# [DATA]
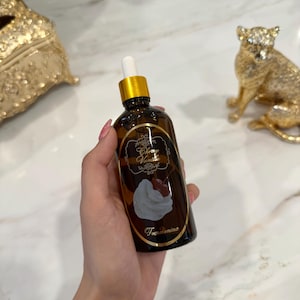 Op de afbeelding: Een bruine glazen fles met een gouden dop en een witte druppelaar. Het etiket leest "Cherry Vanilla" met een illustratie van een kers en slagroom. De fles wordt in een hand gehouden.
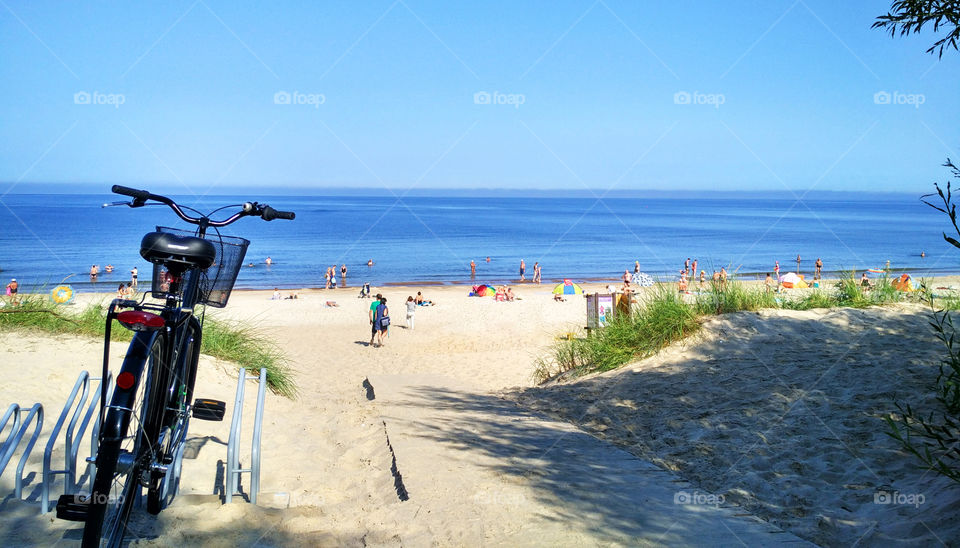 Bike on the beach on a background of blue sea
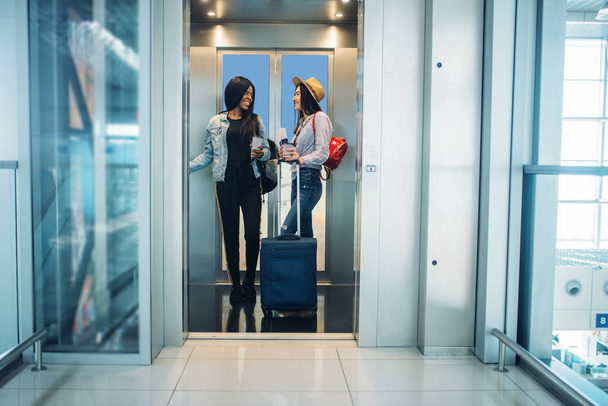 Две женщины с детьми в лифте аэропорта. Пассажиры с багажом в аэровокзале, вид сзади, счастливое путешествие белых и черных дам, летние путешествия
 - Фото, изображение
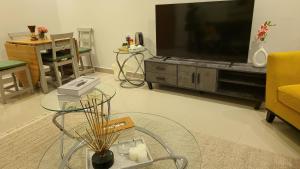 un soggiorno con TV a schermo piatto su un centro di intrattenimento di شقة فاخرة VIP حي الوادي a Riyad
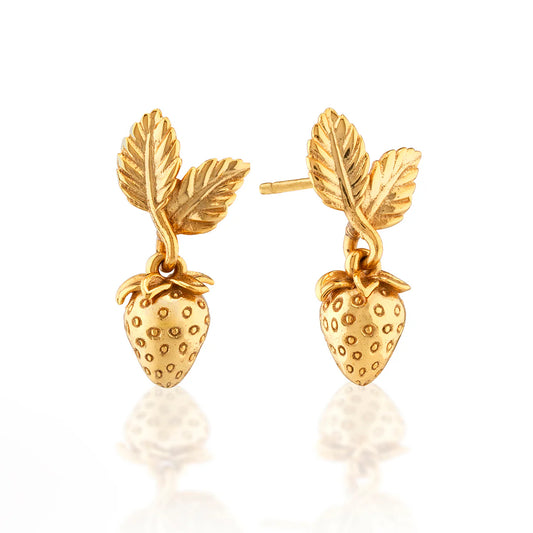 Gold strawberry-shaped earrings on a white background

...

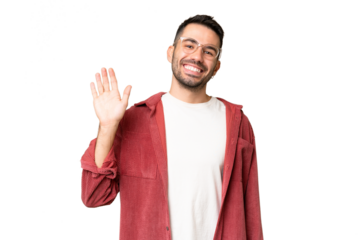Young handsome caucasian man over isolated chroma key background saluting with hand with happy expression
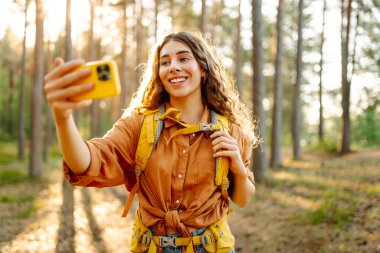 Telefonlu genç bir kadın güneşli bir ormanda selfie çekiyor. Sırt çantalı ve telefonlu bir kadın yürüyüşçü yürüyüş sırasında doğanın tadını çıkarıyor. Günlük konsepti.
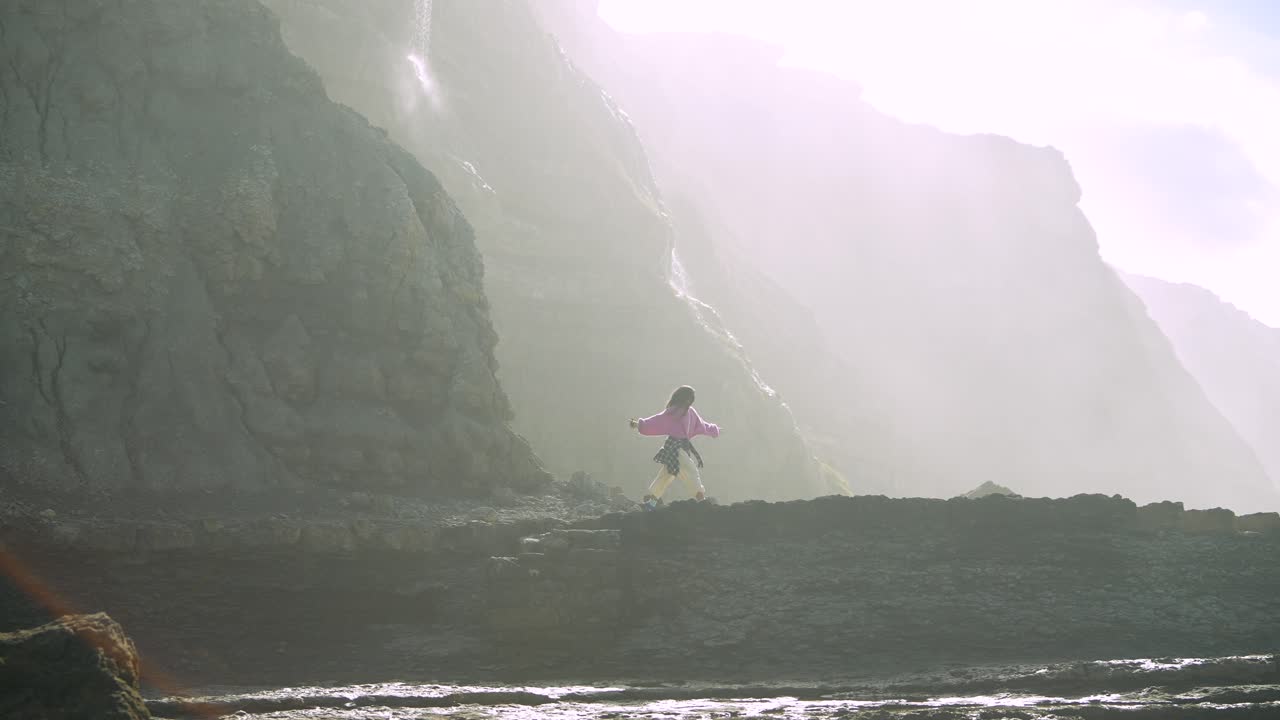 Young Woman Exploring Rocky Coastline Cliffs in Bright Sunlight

# [HOW TO COMPLETE THIS TASK]
In the listing above, find the line with "Две женщины с" and the line with "Gold strawberry-shaped earrings". Copy both of them and every line between, exactly, but not the pictures.

# [WRITTEN REPLY]
 Две женщины с детьми в лифте аэропорта. Пассажиры с багажом в аэровокзале, вид сзади, счастливое путешествие белых и черных дам, летние путешествия
 - Фото, изображение
 un soggiorno con TV a schermo piatto su un centro di intrattenimento di شقة فاخرة VIP حي الوادي a Riyad
 Gold strawberry-shaped earrings on a white background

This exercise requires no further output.